> _Brief_
All entries need to be written out verbatim, with pictures omitted.

Collected data
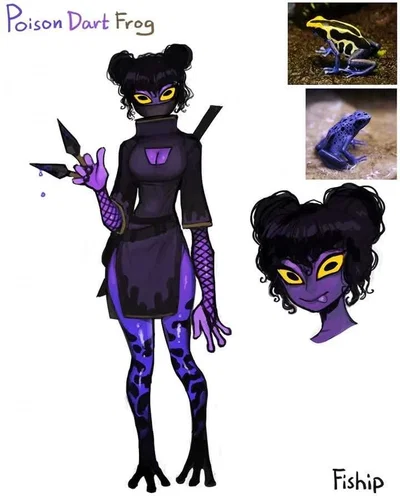 Mina la Rana Ninja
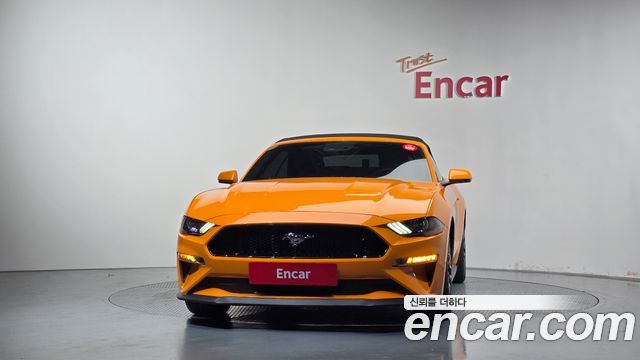 Ford Mustang из Кореи Encar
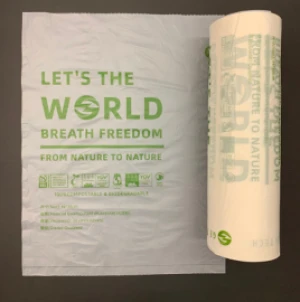 PLA Produce Bag (vegetable, fruit bag)-Biodegradable & compostable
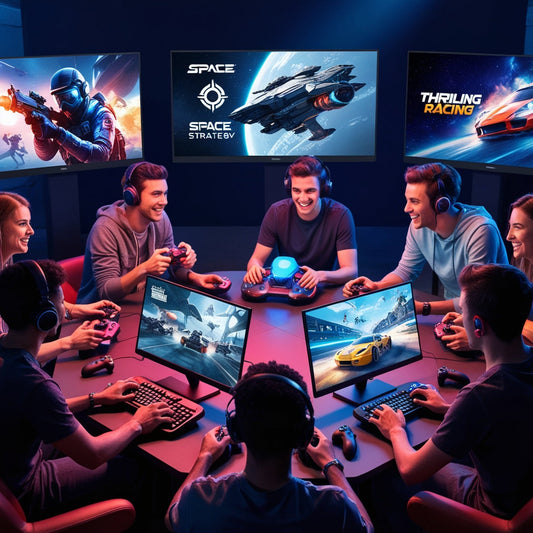 Les meilleurs jeux multijoueurs pour jouer entre amis en 2025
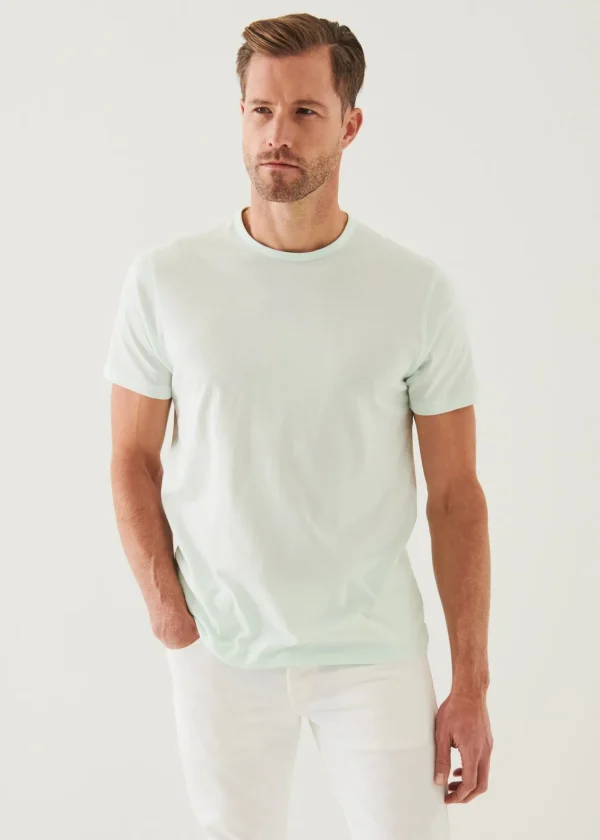 PATRICK ASSARAF Mercerized Pima Cotton T-Shirt | Men T-Shirts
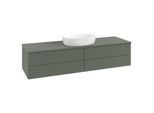 Villeroy & Boch Antao Waschtischunterschrank 1600x360x500mm K25150HL mit Struktur FK/AP: HL/0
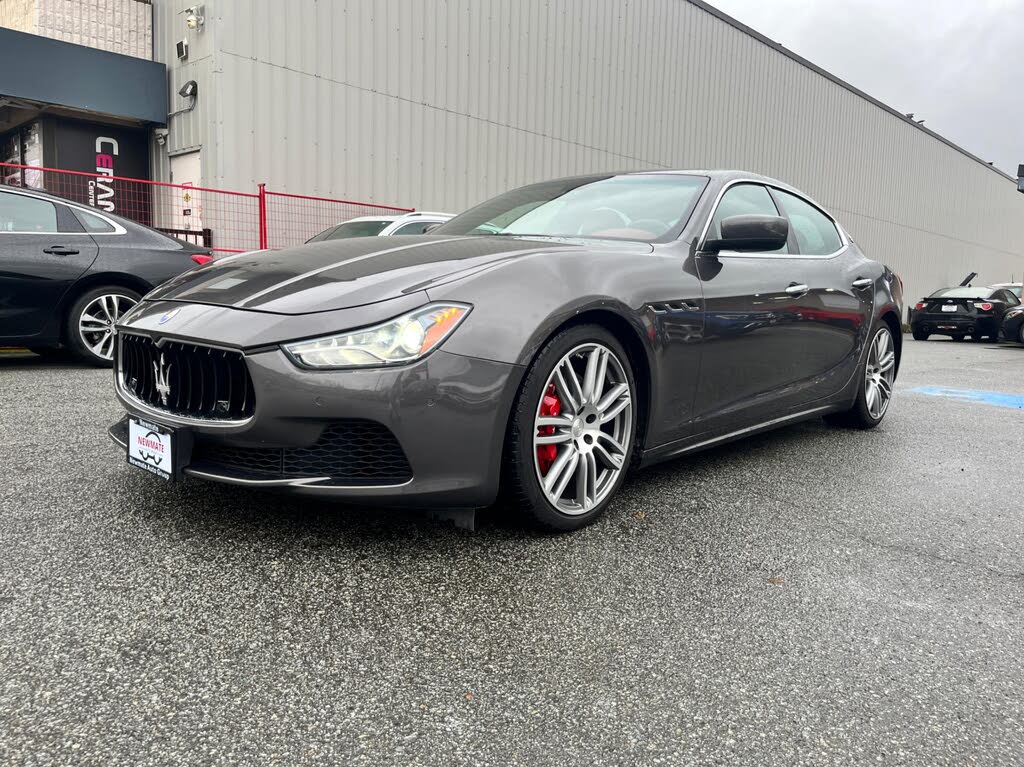 Maserati Ghibli S Q4 AWD 2015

> _Solution_
 Mina la Rana Ninja
 Ford Mustang из Кореи Encar
 PLA Produce Bag (vegetable, fruit bag)-Biodegradable & compostable
 Les meilleurs jeux multijoueurs pour jouer entre amis en 2025
 PATRICK ASSARAF Mercerized Pima Cotton T-Shirt | Men T-Shirts
 Villeroy & Boch Antao Waschtischunterschrank 1600x360x500mm K25150HL mit Struktur FK/AP: HL/0
 Maserati Ghibli S Q4 AWD 2015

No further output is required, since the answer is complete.